Fionn Whitehead, the handsome lead actor from DUNKIRK, stars in the opening night feature, PORT AUTHORITY, a gritty, contemporary drama set in Manhattan, with subtle riffs on Romeo and Juliet. Directed by Danielle Lessovitz in her debut, PORT AUTHORITY explores a surreal cityscape where a troubled young white man running away from his life in the Midwest finds a haven in the colorful trans community. Trans actor Leyna Brown co-stars as the exotic kiki ballroom performer who captures his heart. Martin Scorsese served as executive producer. (Available Oct 2-3).

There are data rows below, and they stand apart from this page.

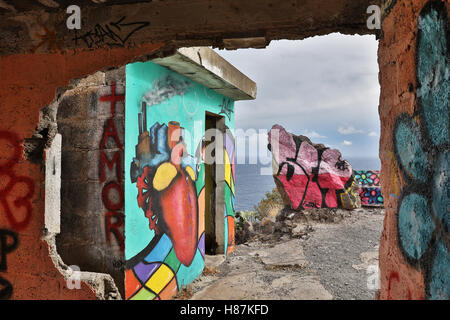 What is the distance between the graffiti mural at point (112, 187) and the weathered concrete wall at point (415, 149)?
2476 mm

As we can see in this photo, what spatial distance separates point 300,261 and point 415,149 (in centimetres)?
460

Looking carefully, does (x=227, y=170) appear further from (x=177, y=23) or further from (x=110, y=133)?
(x=177, y=23)

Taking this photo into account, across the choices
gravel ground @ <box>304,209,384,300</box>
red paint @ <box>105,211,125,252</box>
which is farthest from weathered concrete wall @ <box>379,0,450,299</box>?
gravel ground @ <box>304,209,384,300</box>

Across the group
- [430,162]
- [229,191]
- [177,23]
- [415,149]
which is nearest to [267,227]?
[229,191]

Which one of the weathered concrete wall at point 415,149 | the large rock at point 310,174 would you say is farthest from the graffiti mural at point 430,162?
the large rock at point 310,174

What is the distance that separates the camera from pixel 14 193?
2.46m

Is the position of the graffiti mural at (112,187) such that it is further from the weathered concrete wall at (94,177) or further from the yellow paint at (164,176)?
the yellow paint at (164,176)

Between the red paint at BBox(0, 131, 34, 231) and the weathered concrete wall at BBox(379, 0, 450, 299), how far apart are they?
102 inches

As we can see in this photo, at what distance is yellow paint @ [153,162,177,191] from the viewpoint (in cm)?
393

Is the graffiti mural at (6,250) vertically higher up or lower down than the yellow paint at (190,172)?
lower down

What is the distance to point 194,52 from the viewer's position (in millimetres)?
3861

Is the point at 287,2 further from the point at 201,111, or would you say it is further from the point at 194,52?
the point at 201,111

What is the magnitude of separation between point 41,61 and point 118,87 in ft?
3.02

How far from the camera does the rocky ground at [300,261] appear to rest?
14.7ft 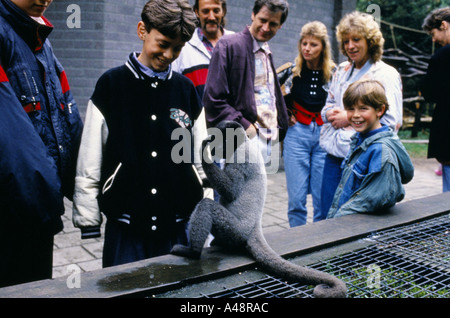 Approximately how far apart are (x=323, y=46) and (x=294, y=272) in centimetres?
253

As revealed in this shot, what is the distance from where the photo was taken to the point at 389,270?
7.39 ft

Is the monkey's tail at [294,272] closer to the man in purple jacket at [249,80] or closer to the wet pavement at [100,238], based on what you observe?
the man in purple jacket at [249,80]

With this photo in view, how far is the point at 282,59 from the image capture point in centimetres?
805

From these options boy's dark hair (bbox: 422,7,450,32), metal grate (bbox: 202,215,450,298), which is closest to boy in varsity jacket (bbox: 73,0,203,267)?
metal grate (bbox: 202,215,450,298)

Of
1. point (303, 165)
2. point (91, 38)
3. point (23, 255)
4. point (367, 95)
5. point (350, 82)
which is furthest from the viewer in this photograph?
point (91, 38)

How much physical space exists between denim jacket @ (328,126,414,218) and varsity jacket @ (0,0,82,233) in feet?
5.89

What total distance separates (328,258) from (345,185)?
85cm

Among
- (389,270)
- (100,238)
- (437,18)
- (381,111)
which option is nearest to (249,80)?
(381,111)

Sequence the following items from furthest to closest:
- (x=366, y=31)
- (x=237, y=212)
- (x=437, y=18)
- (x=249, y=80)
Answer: (x=437, y=18) < (x=366, y=31) < (x=249, y=80) < (x=237, y=212)

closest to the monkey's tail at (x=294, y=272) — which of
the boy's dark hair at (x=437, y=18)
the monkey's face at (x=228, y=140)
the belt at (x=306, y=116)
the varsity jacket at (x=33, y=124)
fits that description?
the monkey's face at (x=228, y=140)

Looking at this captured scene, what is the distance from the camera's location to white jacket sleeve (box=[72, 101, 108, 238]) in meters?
2.06

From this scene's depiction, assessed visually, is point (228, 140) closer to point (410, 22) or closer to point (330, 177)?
point (330, 177) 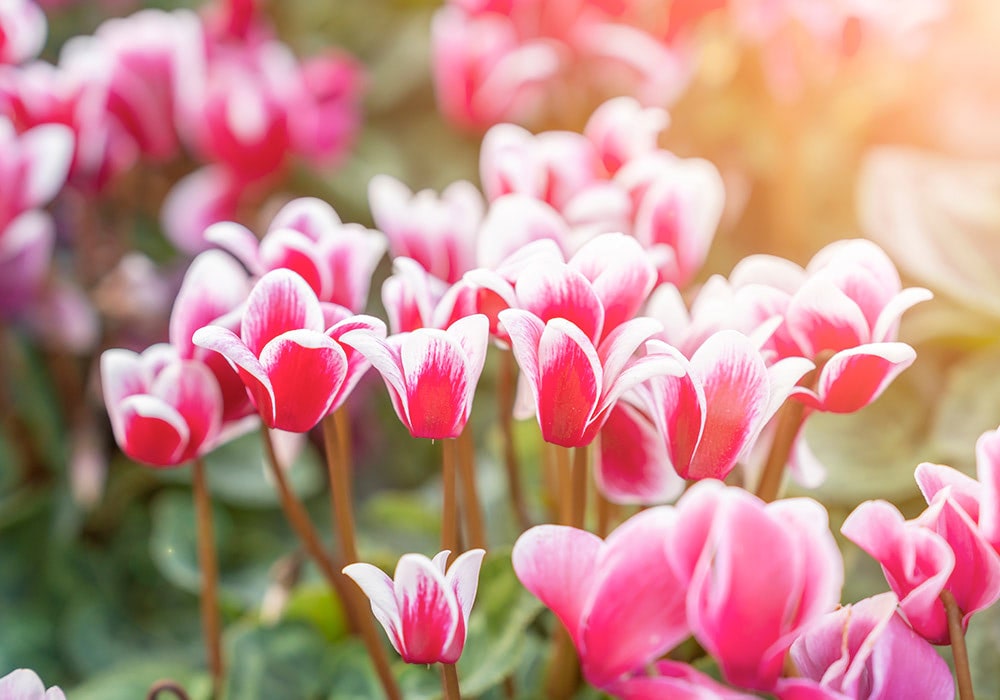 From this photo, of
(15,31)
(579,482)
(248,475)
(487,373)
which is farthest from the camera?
(487,373)

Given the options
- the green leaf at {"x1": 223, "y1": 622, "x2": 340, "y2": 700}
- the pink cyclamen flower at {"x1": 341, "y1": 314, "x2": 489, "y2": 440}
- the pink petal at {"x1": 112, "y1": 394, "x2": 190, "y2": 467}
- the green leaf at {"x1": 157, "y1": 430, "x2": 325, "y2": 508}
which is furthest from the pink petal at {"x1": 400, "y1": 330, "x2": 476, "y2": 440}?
the green leaf at {"x1": 157, "y1": 430, "x2": 325, "y2": 508}

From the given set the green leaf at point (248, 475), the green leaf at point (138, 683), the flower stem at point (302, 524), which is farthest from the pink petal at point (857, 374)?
the green leaf at point (248, 475)

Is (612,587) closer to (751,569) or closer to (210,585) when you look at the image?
(751,569)

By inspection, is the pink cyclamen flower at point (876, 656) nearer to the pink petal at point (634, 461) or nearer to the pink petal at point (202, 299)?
the pink petal at point (634, 461)

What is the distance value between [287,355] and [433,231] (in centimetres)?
15

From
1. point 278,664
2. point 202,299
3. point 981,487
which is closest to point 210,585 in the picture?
point 278,664

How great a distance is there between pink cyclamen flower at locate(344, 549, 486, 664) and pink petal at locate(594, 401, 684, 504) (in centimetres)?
10

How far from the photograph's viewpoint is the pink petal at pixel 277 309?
1.30 ft

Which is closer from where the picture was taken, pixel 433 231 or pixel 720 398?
pixel 720 398

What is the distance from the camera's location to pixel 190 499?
81cm

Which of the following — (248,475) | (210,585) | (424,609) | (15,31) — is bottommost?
(248,475)

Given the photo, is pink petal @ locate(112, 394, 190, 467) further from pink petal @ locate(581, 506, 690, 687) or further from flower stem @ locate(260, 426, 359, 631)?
pink petal @ locate(581, 506, 690, 687)

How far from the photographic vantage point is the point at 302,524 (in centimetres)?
52

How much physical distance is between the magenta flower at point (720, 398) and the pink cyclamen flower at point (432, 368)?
67mm
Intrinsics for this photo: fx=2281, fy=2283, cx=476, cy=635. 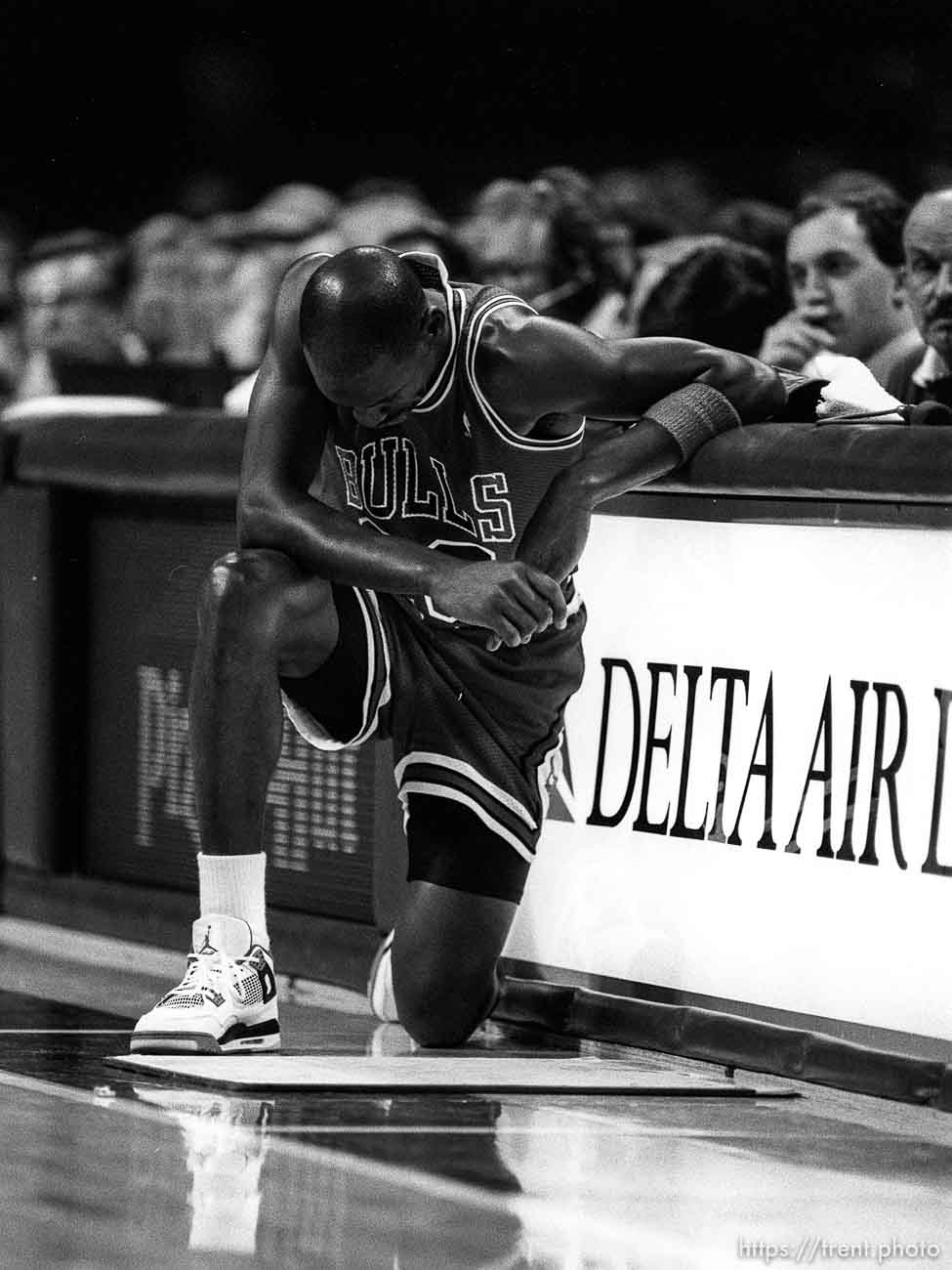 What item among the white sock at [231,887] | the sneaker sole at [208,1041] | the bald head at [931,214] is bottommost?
the sneaker sole at [208,1041]

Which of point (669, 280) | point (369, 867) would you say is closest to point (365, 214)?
point (669, 280)

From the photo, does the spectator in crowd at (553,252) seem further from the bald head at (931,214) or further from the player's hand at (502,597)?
the player's hand at (502,597)

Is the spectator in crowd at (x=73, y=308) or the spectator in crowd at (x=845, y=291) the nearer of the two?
the spectator in crowd at (x=845, y=291)

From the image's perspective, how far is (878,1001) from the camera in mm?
2799

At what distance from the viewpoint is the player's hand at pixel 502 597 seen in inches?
107

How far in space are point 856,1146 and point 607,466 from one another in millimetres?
916

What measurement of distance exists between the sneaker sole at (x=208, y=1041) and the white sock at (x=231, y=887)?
112 mm

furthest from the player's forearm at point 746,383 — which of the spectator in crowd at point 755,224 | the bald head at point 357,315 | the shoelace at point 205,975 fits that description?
the spectator in crowd at point 755,224

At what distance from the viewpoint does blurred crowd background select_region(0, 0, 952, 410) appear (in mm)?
6605

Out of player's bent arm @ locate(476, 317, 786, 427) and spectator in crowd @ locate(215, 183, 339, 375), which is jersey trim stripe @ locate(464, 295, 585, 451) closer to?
player's bent arm @ locate(476, 317, 786, 427)

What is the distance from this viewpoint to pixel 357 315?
107 inches

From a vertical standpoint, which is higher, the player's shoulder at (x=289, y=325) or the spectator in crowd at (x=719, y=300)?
the spectator in crowd at (x=719, y=300)

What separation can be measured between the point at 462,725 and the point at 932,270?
50.4 inches

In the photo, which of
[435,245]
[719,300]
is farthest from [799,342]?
[435,245] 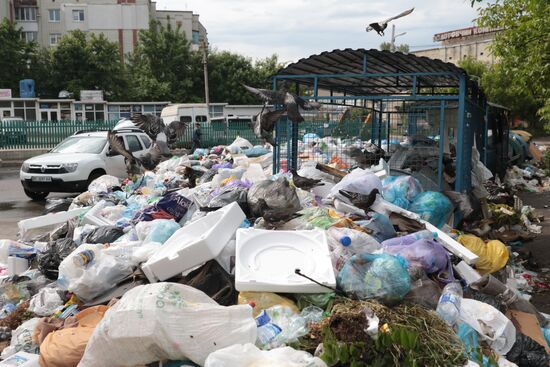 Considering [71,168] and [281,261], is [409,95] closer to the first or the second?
[281,261]

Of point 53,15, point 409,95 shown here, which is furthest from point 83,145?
point 53,15

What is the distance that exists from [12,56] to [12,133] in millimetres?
16303

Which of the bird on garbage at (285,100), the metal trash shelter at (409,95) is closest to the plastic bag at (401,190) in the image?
the metal trash shelter at (409,95)

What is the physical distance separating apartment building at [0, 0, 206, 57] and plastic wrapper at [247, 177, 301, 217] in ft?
154

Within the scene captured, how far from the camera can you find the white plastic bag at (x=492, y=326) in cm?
354

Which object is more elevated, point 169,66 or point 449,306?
point 169,66

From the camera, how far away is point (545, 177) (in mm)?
14219

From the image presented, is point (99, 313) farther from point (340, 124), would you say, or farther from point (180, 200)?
point (340, 124)

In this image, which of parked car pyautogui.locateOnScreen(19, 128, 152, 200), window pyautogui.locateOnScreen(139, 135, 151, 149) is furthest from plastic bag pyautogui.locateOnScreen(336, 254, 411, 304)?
window pyautogui.locateOnScreen(139, 135, 151, 149)

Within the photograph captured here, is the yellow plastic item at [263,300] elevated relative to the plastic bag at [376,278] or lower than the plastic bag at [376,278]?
lower

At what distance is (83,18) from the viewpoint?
49906 mm

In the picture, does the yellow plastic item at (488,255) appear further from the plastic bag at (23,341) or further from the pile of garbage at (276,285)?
the plastic bag at (23,341)

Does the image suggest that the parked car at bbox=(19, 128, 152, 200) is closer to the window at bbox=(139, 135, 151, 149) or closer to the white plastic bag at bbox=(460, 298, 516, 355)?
the window at bbox=(139, 135, 151, 149)

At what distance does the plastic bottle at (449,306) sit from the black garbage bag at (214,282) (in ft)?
4.43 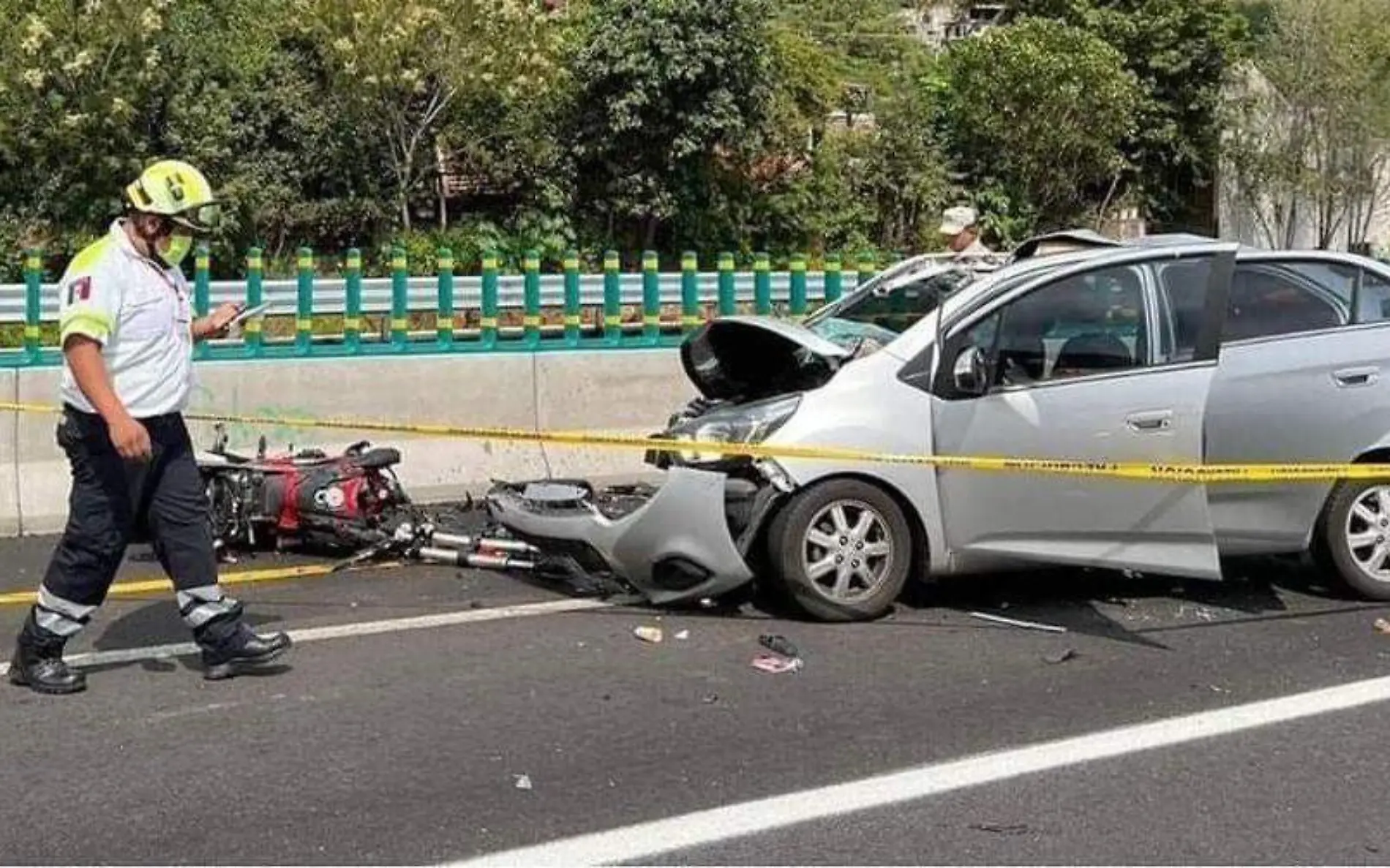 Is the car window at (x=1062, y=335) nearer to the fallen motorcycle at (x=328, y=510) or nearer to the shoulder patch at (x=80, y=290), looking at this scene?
the fallen motorcycle at (x=328, y=510)

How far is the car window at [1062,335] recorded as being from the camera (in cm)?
673

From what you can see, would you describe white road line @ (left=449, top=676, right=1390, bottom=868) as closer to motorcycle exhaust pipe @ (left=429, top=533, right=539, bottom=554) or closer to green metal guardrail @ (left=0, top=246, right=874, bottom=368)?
motorcycle exhaust pipe @ (left=429, top=533, right=539, bottom=554)

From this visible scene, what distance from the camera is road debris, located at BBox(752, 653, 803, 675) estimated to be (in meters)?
5.96

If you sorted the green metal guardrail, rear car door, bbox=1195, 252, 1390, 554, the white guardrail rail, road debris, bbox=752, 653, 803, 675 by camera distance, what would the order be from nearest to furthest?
road debris, bbox=752, 653, 803, 675, rear car door, bbox=1195, 252, 1390, 554, the green metal guardrail, the white guardrail rail

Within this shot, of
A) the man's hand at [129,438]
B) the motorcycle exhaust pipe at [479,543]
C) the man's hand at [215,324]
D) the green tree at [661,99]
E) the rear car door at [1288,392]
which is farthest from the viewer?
the green tree at [661,99]

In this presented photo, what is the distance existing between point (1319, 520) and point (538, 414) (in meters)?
5.57

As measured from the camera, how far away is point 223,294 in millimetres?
12805

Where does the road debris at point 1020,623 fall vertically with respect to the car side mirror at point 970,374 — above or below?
below

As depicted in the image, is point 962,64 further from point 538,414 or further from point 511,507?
point 511,507

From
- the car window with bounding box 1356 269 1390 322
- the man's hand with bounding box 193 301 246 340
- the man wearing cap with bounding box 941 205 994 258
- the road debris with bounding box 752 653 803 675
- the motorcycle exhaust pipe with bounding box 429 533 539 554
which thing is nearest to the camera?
the road debris with bounding box 752 653 803 675

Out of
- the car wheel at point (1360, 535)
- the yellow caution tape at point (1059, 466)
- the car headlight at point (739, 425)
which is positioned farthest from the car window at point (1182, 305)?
the car headlight at point (739, 425)

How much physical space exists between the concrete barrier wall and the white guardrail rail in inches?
40.8

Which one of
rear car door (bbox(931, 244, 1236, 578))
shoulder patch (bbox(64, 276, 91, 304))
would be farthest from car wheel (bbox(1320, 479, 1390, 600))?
shoulder patch (bbox(64, 276, 91, 304))

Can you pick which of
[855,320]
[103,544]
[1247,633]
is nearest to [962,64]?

Fans of STAGE MOTHER, which debuted in August in Tampa, will be delighted to find it has been brought back as the centerpiece screening of the current festival. Directed by Thom Fitzgerald, this audacious tale of a conservative church choir director from Texas who finds she’s inherited her late, estranged son’s drag club in San Francisco, pushes the edges on many levels. Jacki Weaver, who’s been nominated twice for an Academy Award, tackles the title role. Adrian Grenier and Lucy Liu co-star. (Available Oct. 9-10).
Other highlights include. . .
SURVIVING THE SILENCE: The Untold Story of Two Women in Love Who Helped Change Military Policy, a 2019 documentary exploring the emotional coming-out story of Colonel Patsy Thompson and her wife Barbara Brass, who had to keep their relationship secret for years. (Available Oct. 14-17).
BARE: Belgian choreographer Thierry Smits invites 11 male dancers to document the creation of a fully nude dance production. Director Aleksandr M. Vinogradov films the rehearsals and production with a gimlet eye, exposing the soul-baring intensity of the creative process and ultimate artistic liberation. (Available Oct. 10-17).
STEELERS: The World’s First Gay Rugby Club. Directed by one of their own, Eammon Ashton-Atkinson, this candid documentary reveals the challenges of a rough-and-tumble rugger team and their “spunky lesbian coach” as they prepare for the world tournament, the Bingham Cup. (Available Oct. 10-17).
A SKELETON IN THE CLOSET (Todos Tenemos un Muerto en el Placard o un Hijo en el Closet): A new film fresh from Argentina, this comic coming-of-age story packs a powerful punch with its depiction of a family wrestling with many layers of prejudice and pride. (Available Oct. 3-17).
Many of this year’s most intriguing offerings are in the festival’s popular Shorts program, available in three different packages, or as part of the access-pass for all films. Themes include hilarious takes on a zany bat mitzvah, glam rock, reincarnation, magic, fantasy, HIV/AIDS, teen romance and struggles with gender identity.
And for the closing night, TIGLFF has selected TWO OF US (Deux), a provocative lesbian drama/romance from France. TWO OF US exudes a rich mélange of styles – part love story, thriller and comedy. Starring Barbara Sukowa, well-known to fans of Fassbinder’s films, and Martine Chevalier, this twisty tale of life-altering experiences has been called “a tight, briskly intelligent chamber drama” by The Hollywood Reporter. Filippo Meneghetti directed. (Available Oct 17-18).